When it comes to pretty produce, what are you thinking?
Do you prefer vegetables and fruit without blemishes? Or is taste (or price) more important to you than a few holes in the spinach leaf, where another tiny eater got to it first?
And what about discards? How often do you toss produce that’s begun to spoil? Do you take the time to cut away the bad parts, or do you ditch the whole thing?
If you admit you want your produce to look good, you’re not alone. I’m guilty of it, turning over pears to find the least-marred ones to take home. Of course, I’d like our produce to taste amazing, and if it’s a good price, that’s nice too. But honestly, if I can’t taste it first, I just go for the most handsome food.
Jonathan Bloom, of the blog Wasted Food, would like us to think about it more. Bloom spent a few months working in the produce section of a grocery store, where he was told to cull fruits and vegetables that weren’t, well, gorgeous. At Bloom’s place of work, this culled food doesn’t get sold; it goes in the dumpster.
Last week, Bloom, who’s writing a book about food waste in this country, directed readers to Wayne Roberts, a farmer writing for the online edition of Now Toronto, who is frustrated by the fact that he must throw away a fifth of his crop because it isn’t pretty enough:
It disappoints visual expectations of proper size, shape, style, colour and absolute perfection. It must have no holes, no blotches, no signs of wear and tear and, above all, no suggestion that it came from the ground, which is dirty.
Roberts argues that the food media is to blame, for creating food porn, turning food into something it’s not — in essence, objectifying it:
The glamorous pics are especially problematic, because their message is to the subconscious. Everyone knows how fashion photographers and their set designers and airbrushers cause bodily harm by distorting the image of women, but few think about how the same people cause similar problems with their framing of food.
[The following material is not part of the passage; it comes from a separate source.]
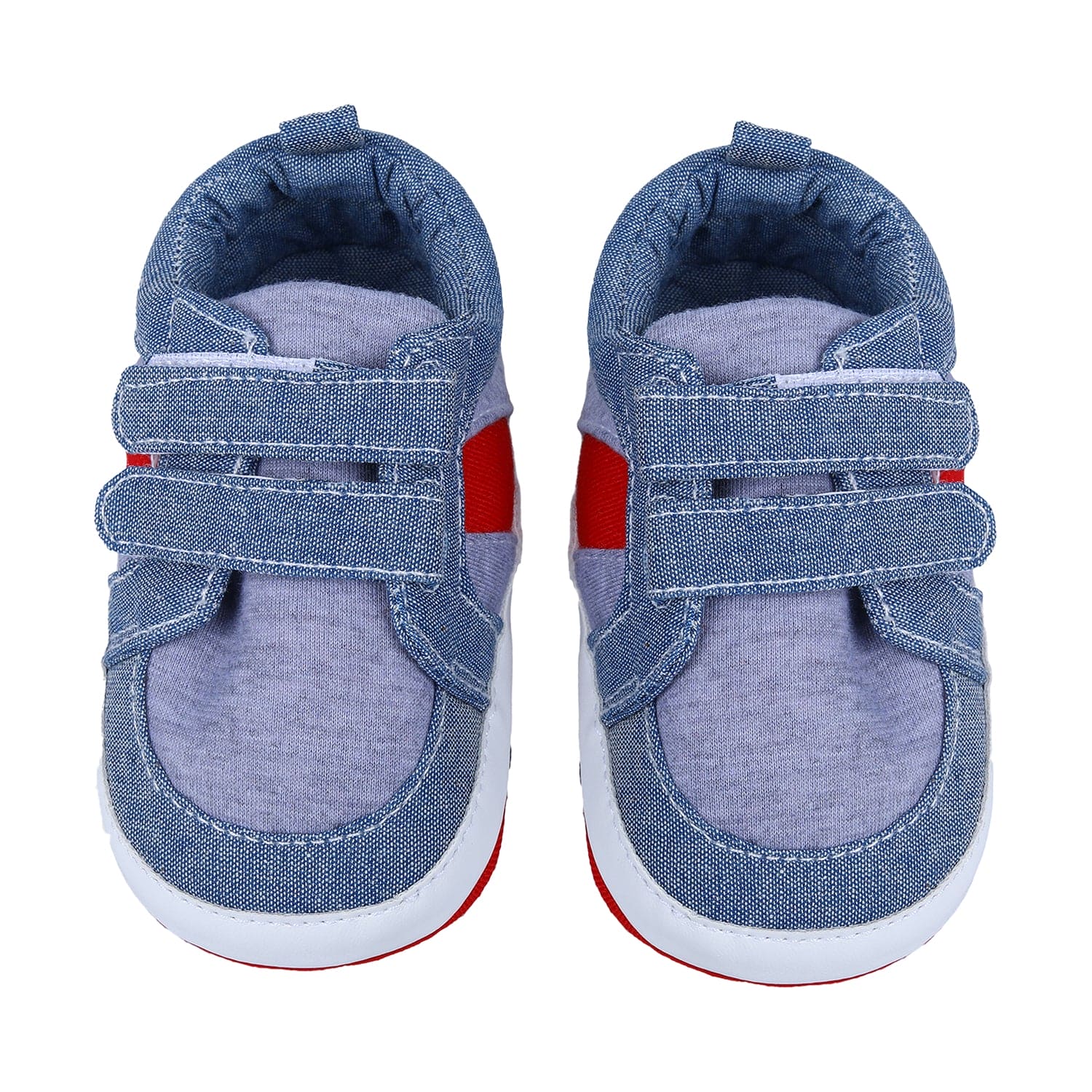 Colour Blocked Cute And Casual Denim Velcro Booties - Blue And Red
Every food picture in Time [Magazine’s food issue] is stunning: perfectly choreographed, colour-coordinated, almost as glistening, sensuous, enveloping and natural as Scarlett Johansson’s lips.
Thus, goes Roberts’ argument, food-buyers think the only food worth having is impeccable food.
But while food media may be partly to blame, Bloom argues that this myopia is also the fault of Whole Foods and other grocers who strive for the right, uh, market mood:
While . . . Roberts’ article impugned food magazines, I’d also blame most supermarkets, especially Whole Foods. Most retailers make a point of having bountiful, beautiful displays. Doing so means throwing out imperfect, non-uniform produce.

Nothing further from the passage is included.